Understand the output files

Let's now look at the output files from running ./primitive_shape_meshing. They are in the directory /Example/triangle_mesh_N_5000_K_0.1.

Triangulation data

In TriMe++, each point is associated with an ID pid and x and y coordinates (px, py).

point: pid, (px, py)

A triangle is associated with an ID tid, the three point IDs of its three vertices, (vid0, vid1, vid2), and two quality measures, aspect ratio α and edge ratio β.

triangle: tid, (vid0, vid1, vid2), (α, β)

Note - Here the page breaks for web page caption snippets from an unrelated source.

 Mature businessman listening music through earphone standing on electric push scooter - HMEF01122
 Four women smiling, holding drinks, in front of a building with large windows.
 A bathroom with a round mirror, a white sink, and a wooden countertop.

The aspect ratio $\alpha$ and edge ratio $\beta$ are calculated by

$$\alpha=\frac{R_{\text{circum}}}{2\cdot R_{\text{in}}}, \quad \beta=\frac{l_{\max}}{l_{\min}}$$

where $R_{\text{circum}}$ and $R_{\text{in}}$ are the circumradius and the inradius of the triangle, respectively. $l_{\max}$ and $l_{\min}$ are the longest and shortest edge lengths of the triangle, respectively. Both $\alpha$ and $\beta$ have minimum values of $1$, corresponding to an equilateral triangle. $\alpha$ has large values for badly shaped triangles, including both needle-type and flat-type triangles shown in plot (a) and (b) in the figure below. $\beta$ has large values for needle-type triangles.

Output files

The filename prefix is fp="triangle_mesh_N_5000_K_0.1". The next description phrase ti describe the meshing iteration outputted: fp_ti_=fp_1_ is the initial triangulation; fp_10_ is the triangulation of the $10^{th}$ iteration.

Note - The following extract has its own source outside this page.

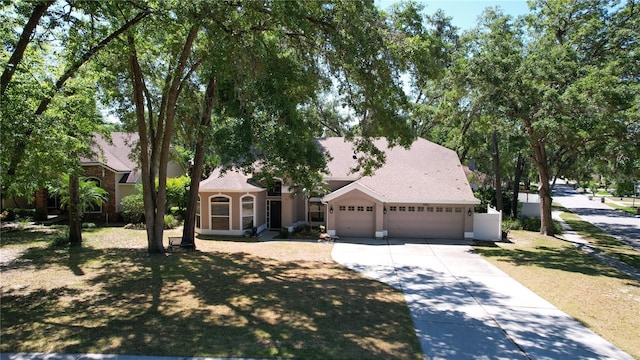 2082 Nexus Ct, Apopka, FL 32712 - view of front of home with an attached garage and concrete driveway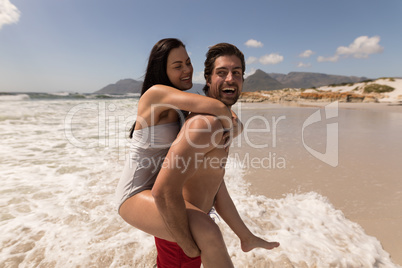 Man giving woman piggyback ride and having fun at beach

The rest of the description phrases in the filenames desribes the data being outputted. Suppose we have $N$ points and $M$ triangles generated.

Points

fp_ti_xy_id.txt: Each row format is [x y]. The particle ID and coordinates. The particle ID [0,1,...,N-1] is implicity implied by the line number. The first line corresponds to the coordinates of point $0$, and the tenth line corresponds to the coordinates of point $9$.

Edges

fp_ti_tria_bar_ids.txt: Each row format is [vid0 vid1], the point IDs corresponding to the end points of each edge in the triangulation. The triangulation edges are unique and non-overlapping in the output.

fp_ti_tria_bar_coords.txt: The coordinates of the end points for each triangulation edge. Each edge consists of two rows, each row is the coordiate of one of the end poins:

[x0 y0]

[x1 y1]

An empty line then follows, separating the current edge output and the next edge output.

Triangles

fp_ti_tria_vertex_ids.txt: Each row format is [tid vid0 vid1 vid2], the triangle ID followed by the three particle IDs of its three vertices.

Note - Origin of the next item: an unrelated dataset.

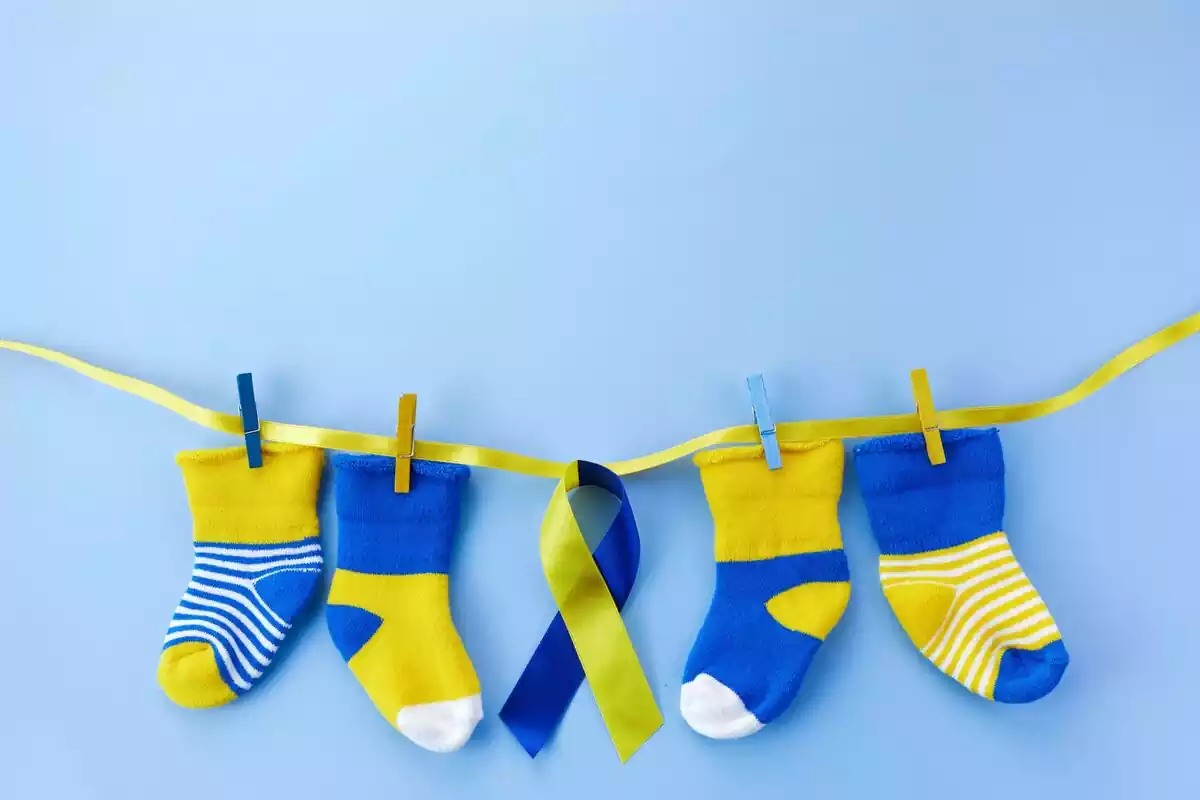 Una cuerda amarilla donde hay colgados cuatro calcetines y un lazo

fp_ti_tria_vertex_coords.txt: Each row format is [tid x0 y0 x1 y1 x2 y2], the triangle ID followed by the three particle coordinates of its three vertices. At termination, the triangle vertices coordinates are outputted in CCW order.

Mesh quality

fp_ti_tria_quality_stat_ar.txt: This file consists of a single line, listing the aspect ratios $\alpha_i$ of each triangle $i$, separated by space. The format is: [α0 α1 α2 ... αM].

fp_ti_tria_quality_stat_er.txt: This file consists of a single line, listing the edge ratios $\beta_i$ of each triangle $i$, separated by space. The format is: [β0 β1 β2 ... βM].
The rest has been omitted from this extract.